> [WORK TO BE COMPLETED] Transcribe every line from the one containing "Hey everyone and" through the end of the records below, exactly, but not the pictures.

Top of MATERIAL SUPPLIED

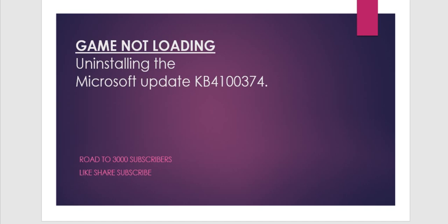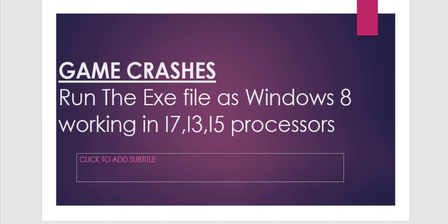might be chances that the game would not be loading. Make sure you turn off your updates and revert back your system update to a version lower than KB4100374. Moving on to the second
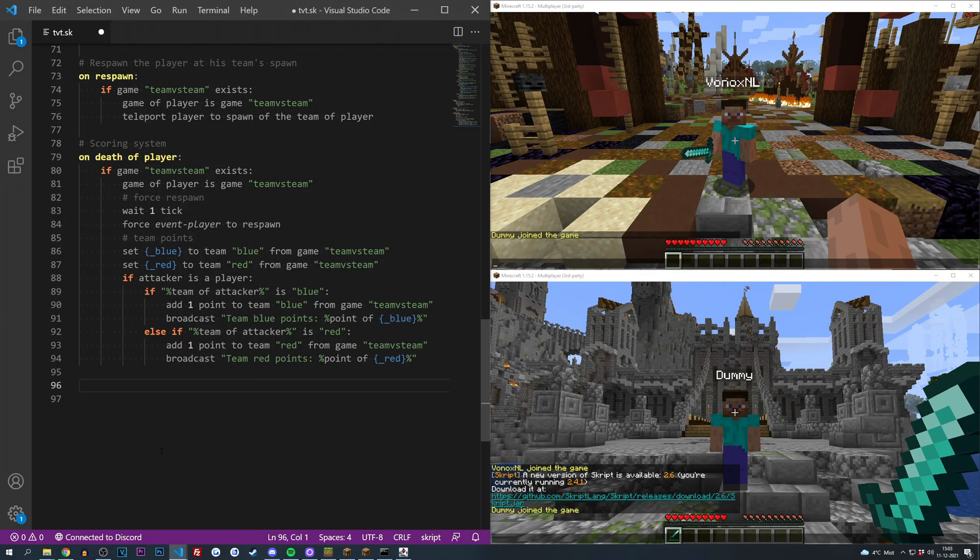Hey guys, welcome to the last episode in my let's make a minigame series for the team versus team event. Today we're going to go over ending the minigame and rewarding the winners. It's going to be really easy, so it's probably going to be a short episode. Without further ado, let's jump right into it.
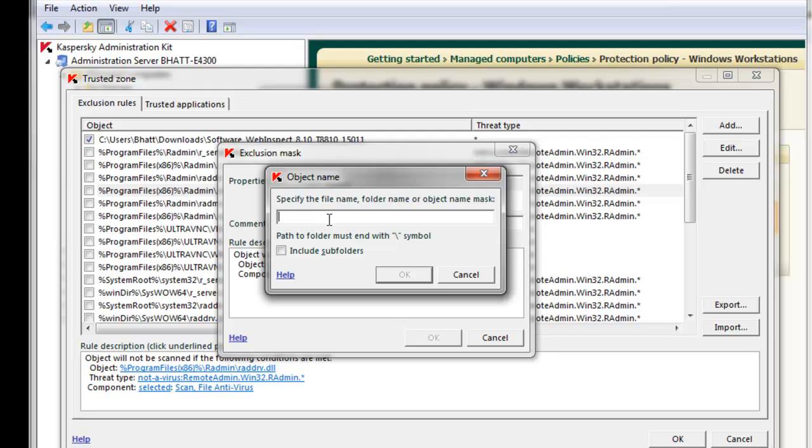In the window that appears, we're going to type in the path to the object we'd like to exclude. This must be a local path as this policy will push to each individual machine. Wild cards are also OK, as illustrated in the background here.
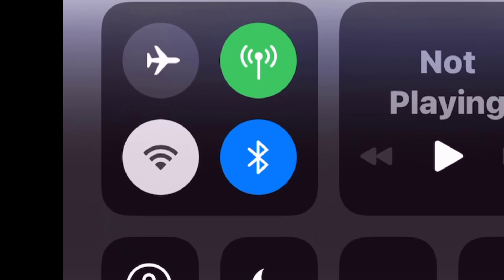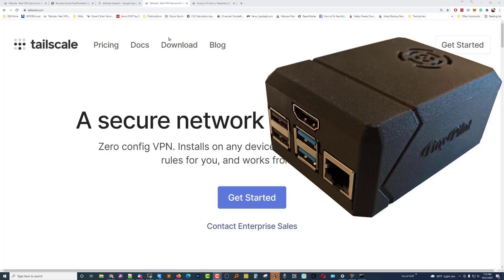That's a wrap. It works great inside your network and it works great wherever you happen to be. As long as you have their software installed on your client device, you can access one of your other devices remotely. Piece of cake — no hard-coding static IP addresses, no port forwarding, any of that kind of stuff. It just works. Thanks for watching, bye-bye.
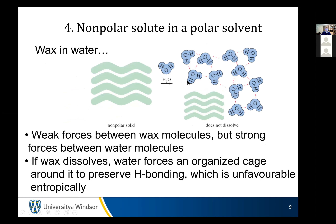And you take that same nonpolar solute and put it in a polar solvent. Now you have the other problem: water is making all these nice, strong hydrogen bonds with each other, and it doesn't want to have its nice hydrogen bonding network disrupted by some ugly wax molecules, because then it would need to reorient itself in a non-ideal situation. You wouldn't make as many hydrogen bonds, so you would have to pay energy for that. So you don't dissolve because you'd be disrupting the things going on with the water molecules.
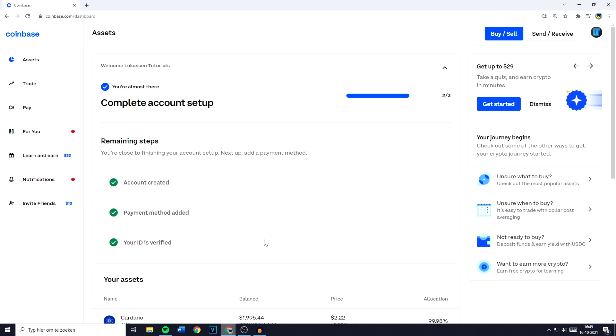Hey everyone and welcome to today's tutorial. In this video I will show you step by step how to transfer crypto from Coinbase to MetaMask. So without further ado let's get right into it.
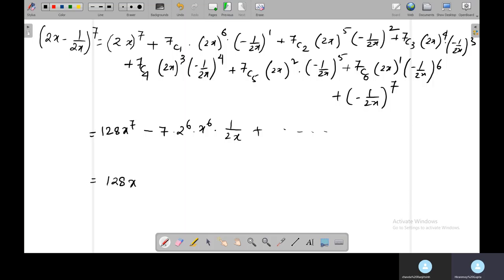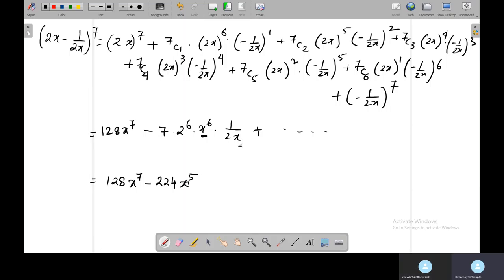...giving us 128x to the power 7 minus 224. Since we have x to the power 6 and x, that simplifies to x to the power 5. So the second term is −224x to the power 5.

Bottom of MATERIAL SUPPLIED

> [RESULT OF THE EXERCISE]
Hey everyone and welcome to today's tutorial. In this video I will show you step by step how to transfer crypto from Coinbase to MetaMask. So without further ado let's get right into it.
...giving us 128x to the power 7 minus 224. Since we have x to the power 6 and x, that simplifies to x to the power 5. So the second term is −224x to the power 5.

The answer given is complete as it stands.